In de eerste opwelling wilde Dora de oude meid roepen, maar zij wist niet of Brigitte hare partij opnemen of de zijde van den knecht kiezen zou.
Er bleef haar niets anders overig dan het licht uit te dooven en haren man bij zijn thuiskomst met de gedane ontdekking bekend te maken; zij hoopte, dat hij het geschikte middel vinden zou om den knecht te overtuigen en tot een bekentenis te dwingen.
Zoo ver was zij in haren gedachtengang gekomen toen een tweede ontdekking haar de oplossing van dat vreeselijke raadsel gaf.
Zij had het licht uitgedoofd en wilde nu den terugweg aannemen, toen haar voet onverhoeds tegen een voorwerp stootte. In de meening, dat een met meel of koren gevulde zak voor haar lag, wilde zij er overheen stappen, maar als nu het licht der lantaren er op viel, ontvlood een luide, gillende kreet hare lippen.
De gebroken oogen wijd geopend, het gelaat van woede en pijn verwrongen, lag het lijk van den rooden Hans voor haar. Het was haar niet mogelijk hem nog eenmaal aan te zien; zij had den rooden Hans duidelijk erkend.
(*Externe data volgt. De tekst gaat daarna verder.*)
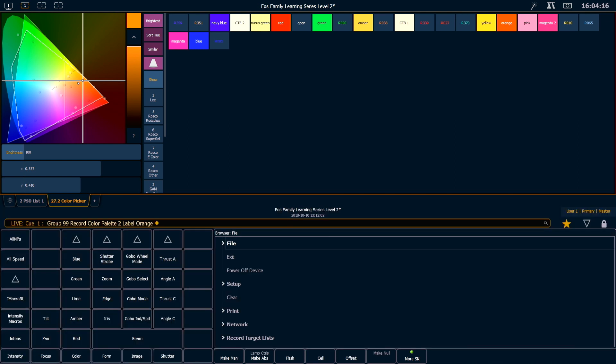If you're following along in the workbook for some color palette exercises, go ahead and finish those and I'll meet you back here.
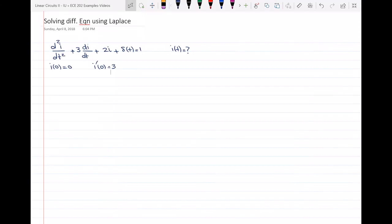Hello, everyone. So in this question, I'm going to solve a differential equation using the Laplace transform. We have the differential equation here, as you can see, it's a differential equation in terms of i. And we have the initial condition i of 0 and also i prime of 0.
Angst en afschuw bevingen haar. Zoo snel hare waggelende beenen haar dragen konden, vloog zij naar den trap. Met sidderende hand sloot zij de deur achter zich dicht, dan ijlde zij verder door den molen en, het woonvertrek naar haar slaapkamer, waar zij, eene onmacht nabij, op den eersten stoel neerzonk.
Het akelige beeld zweefde haar nog altijd voor de oogen, duidelijk zag zij elken trek in het verwrongen gezicht. Het duurde lang eer de storm in haar binnenste zoover bedaard was, dat zij over de gedane ontdekkingen kon nadenken.
Wie was de moordenaar?
Deze vraag drong zich het eerste aan haar op; zij waagde het niet er een antwoord op te zoeken.
De roode Hans had het vuur niet aangelegd..... of had hem op het oogenblik zijner misdadige handeling de hand Gods geraakt? Had een beroerte een einde aan zijn leven gemaakt op het oogenblik, dat hij het tooneel zijner misdaad verlaten wilde?
Dora koesterde te vurig den wensch dit te mogen gelooven, dan dat zij zich niet uit alle macht aan dezen zwakken strooihalm zou vastgeklampt hebben.
Ja, mogelijk was het; wie kan de raadsbesluiten der Voorzienigheid naspeuren?